In fact,I must read all of the bytes into memery to response to the caller as this:
ResponseInfo.<byte[]>newBuilder(asyncResponse.getResponseBodyAsBytes()) (when no cahe data use a real call and it``s response) or ResponseInfo.<byte[]>newBuilder(proxyModel.getResponse()) (when there is cached data response it to the caller directly).

1.You mean i should not cache the endpoint data which is reachs some predefined limit?(All of the proxy data stored on the disk)
2.But how to kown the data size before i made a real call of AsyncHttpClientHelper (when i made a real call of AsyncHttpClientHelper, it would read all of the data into the memery and will cause OutOfMemeryException) .
3.How to use AsyncHttpClientHelper for chunking write response data to a cahce file instad of read all data into memery?

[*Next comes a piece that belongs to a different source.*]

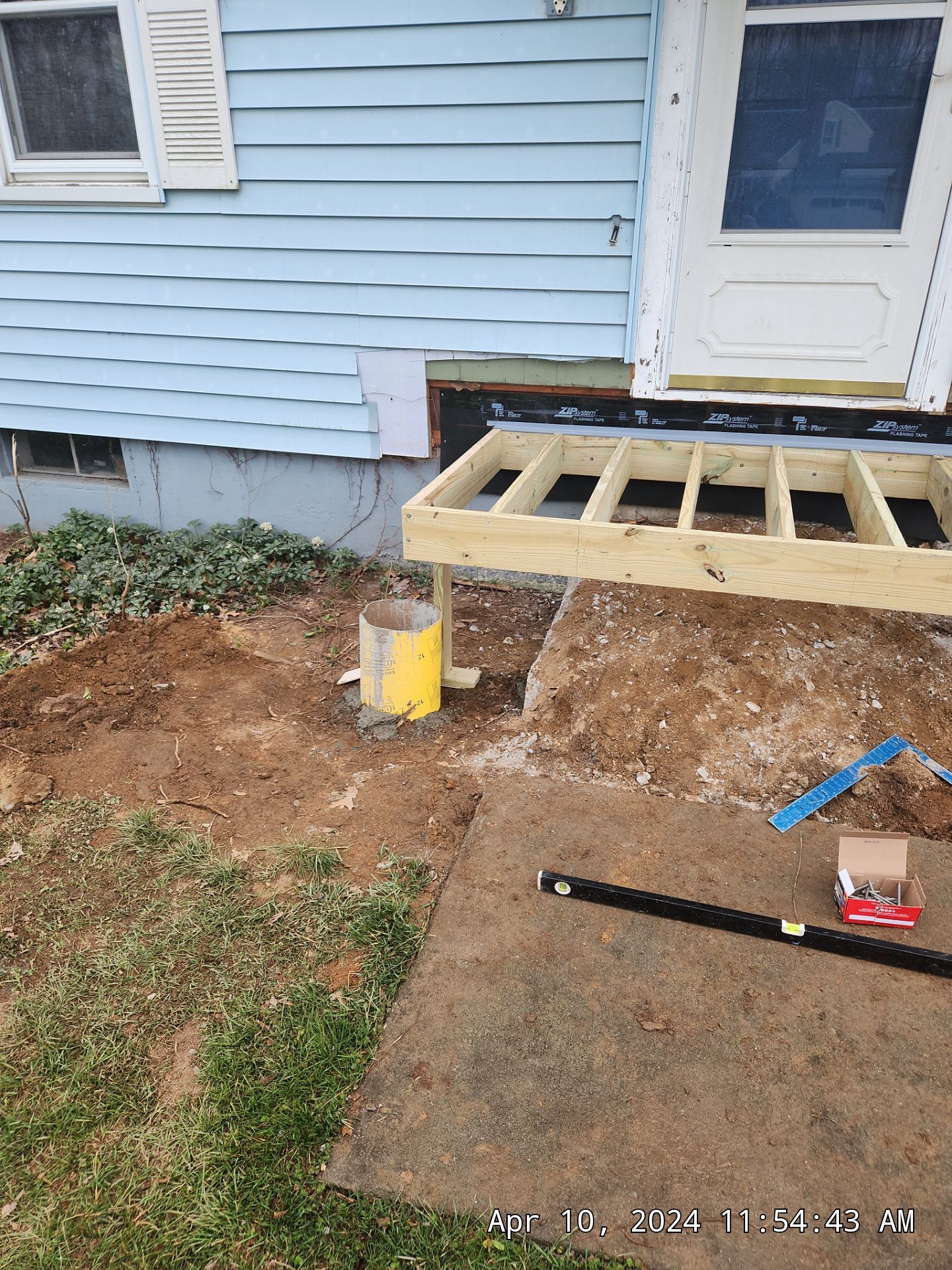 Siding Installation using Royal Building Products Carbon by A Plus Exterior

Look forward the implements of #38.^_^

Unfortunately with Riposte and AsyncHttpClientHelper as it is today there is no way to stream chunks directly to a file. There are plans to create a replacement for AsyncHttpClientHelper that allows optional chunk-streaming for the request and/or the response, but it's not here yet and probably won't be for a few months (at least).

So in the meantime you could search the internet for a different HTTP client that does support chunk-streaming the response, and use that instead of AsyncHttpClientHelper. (If you didn't have the caching requirement you could use ProxyRouterEndpoint for a straight pass-through proxy and since it does chunk-streaming you wouldn't need to worry about memory, but with the caching requirement that won't work.)

In my head I was imagining that you could cache small payloads in an in-memory cache with a predefined total-bytes limit and an LRU policy for when that limit is reached. And big payloads would be cached in a file. What constitutes "big" vs. "small" would be a tradeoff decision you'd have to make, as would the total-bytes limit for the in-memory cache. And it would only work if you left yourself enough memory headroom so that you could pull in the biggest payload into memory without hitting an out-of-memory error. And that requires that you know for sure the size of the biggest payload you could ever receive. If there's no way for you to know that, then the whole idea goes down the drain.

There are a lot of "if"s in that idea which is generally a bad sign. So it sounds like your best bet for right now is to find an HTTP client that supports chunk-streaming the response so you can stream directly to disk. Sorry we don't have a full solution for your use case yet!

Thanks very much for all of your suggestions !